PROMPT:
From the line containing "2Pcs Lace Wedding" to the final line of the material below, return every line exactly. Do not include pictures.

SUPPLIED RECORDS:

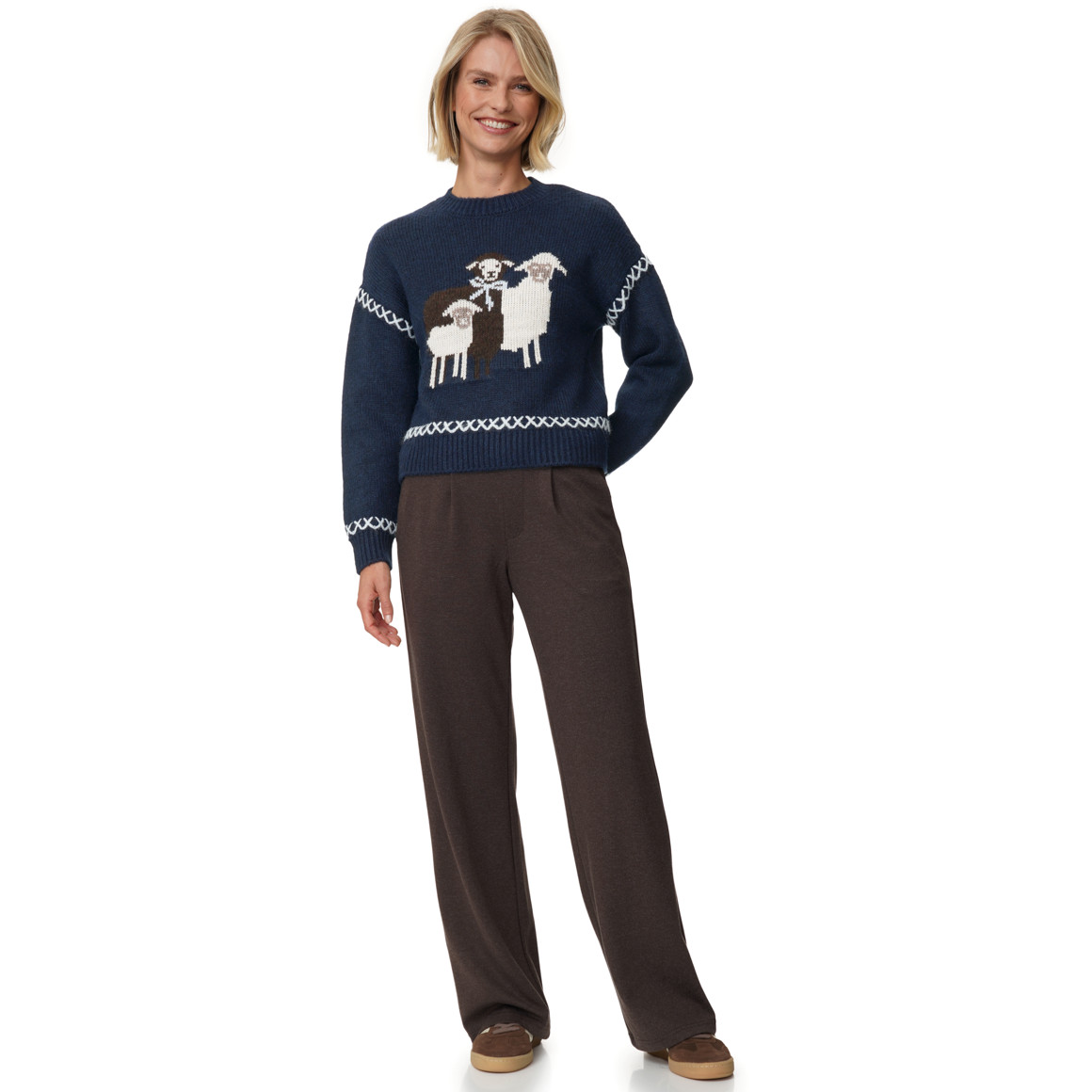 Damen Strickpullover mit Schaf-Motiv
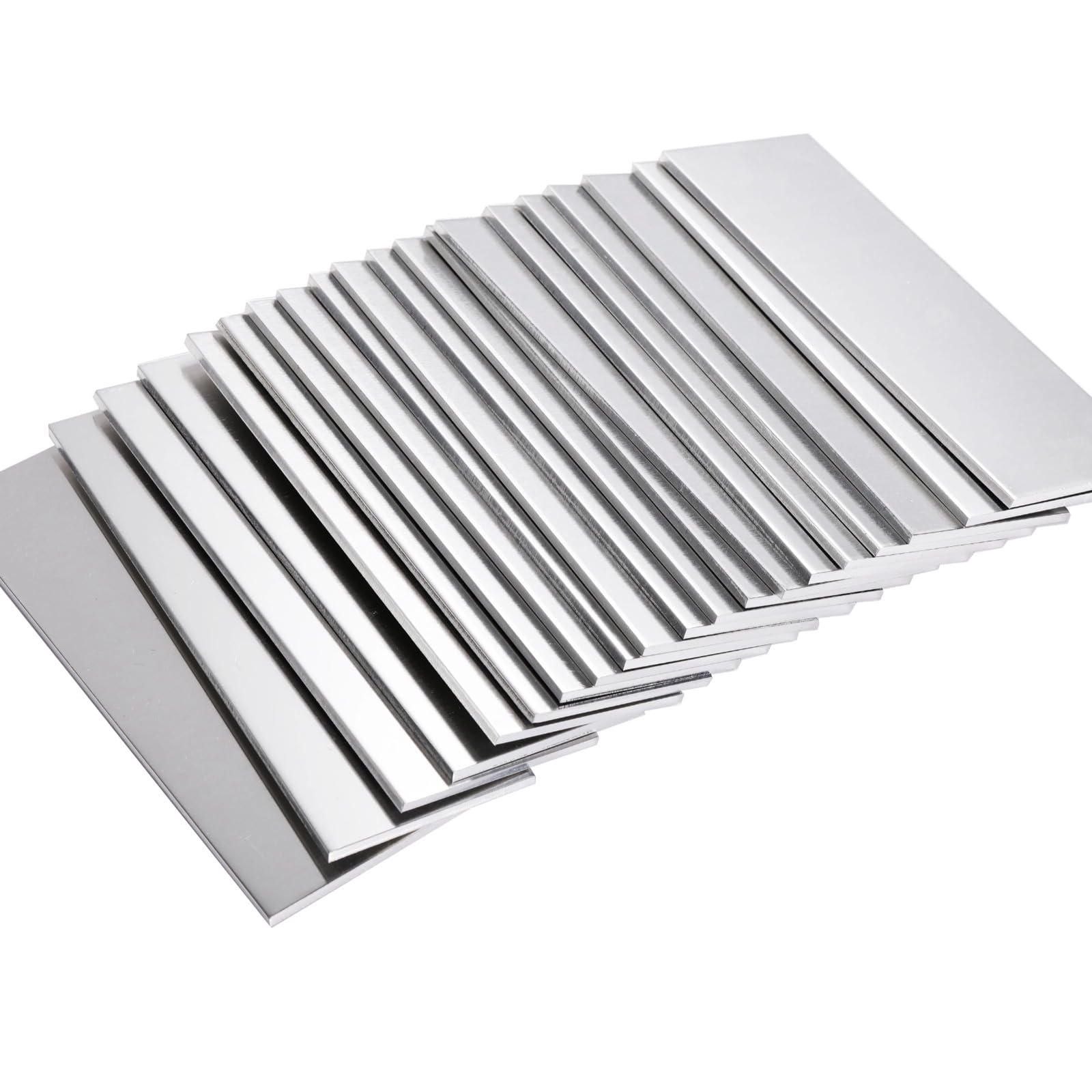 20 Stk Aluminiumplatten, 5,9 Zoll x 2 Zoll x 0,125 Zoll, präzise geschnittene Platten für Schweißen, Schneiden und DIY-Projekte, mit polierter Oberfläche für Bau- und Automobilanwendungen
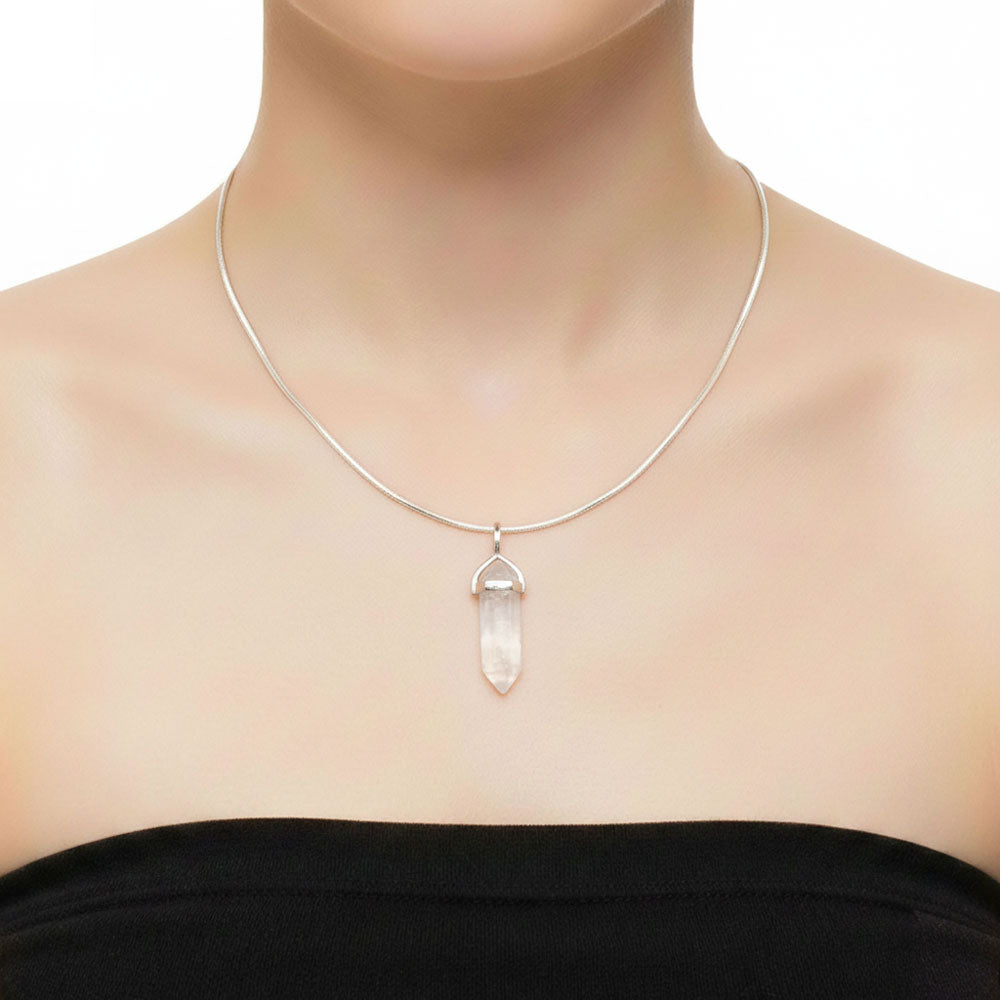 Pendentif Cristal de Roche Pointe – Pierre Universelle de Lumière & Méditation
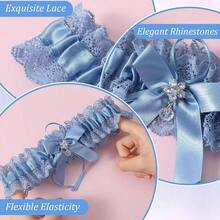 2Pcs Lace Wedding Garter Set Bride, White Bridal Garter With Stretchy Elastic Band, Keepsake And Toss Garters - Màu xanh lam - Xem 3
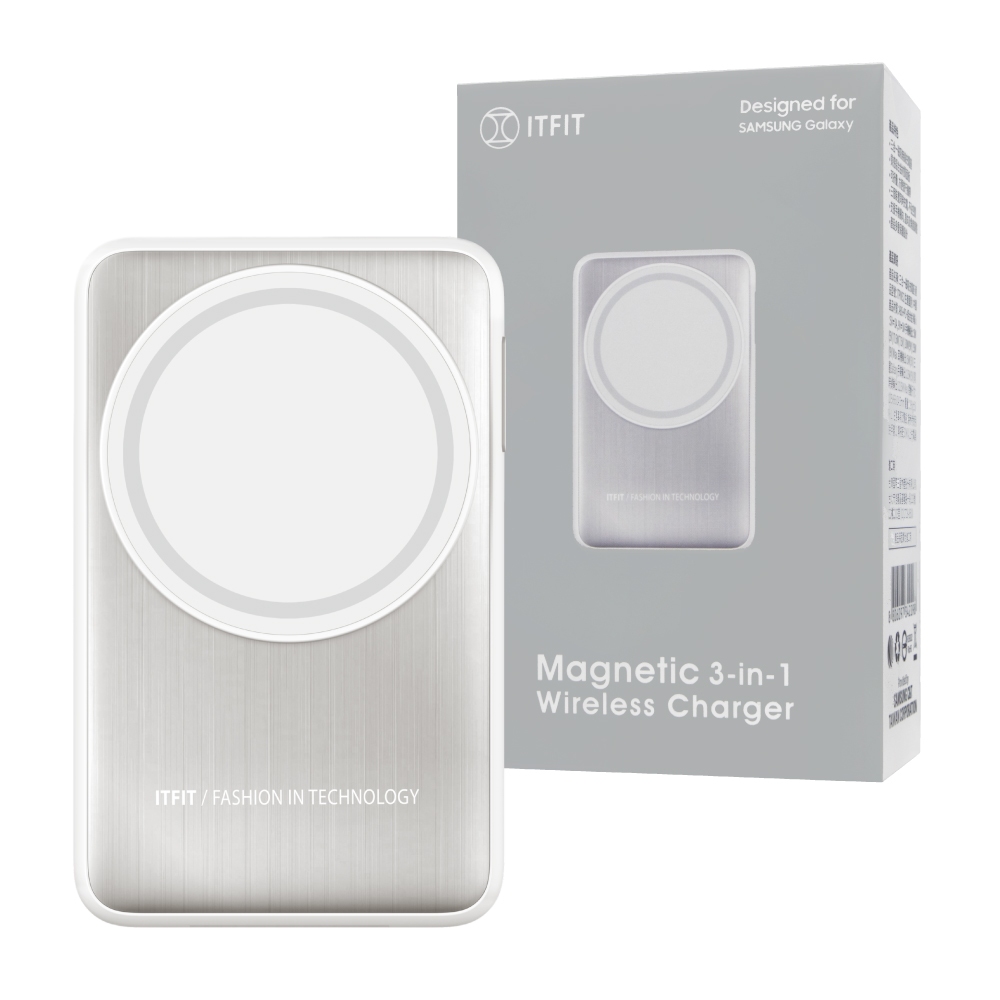 Samsung 三星原廠官方 ITFIT 三合一磁吸無線充電座 (內附 60W USB-C 快充線)【盒裝】ITPW32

ANSWER TO THIS PROBLEM:
 2Pcs Lace Wedding Garter Set Bride, White Bridal Garter With Stretchy Elastic Band, Keepsake And Toss Garters - Màu xanh lam - Xem 3
 Samsung 三星原廠官方 ITFIT 三合一磁吸無線充電座 (內附 60W USB-C 快充線)【盒裝】ITPW32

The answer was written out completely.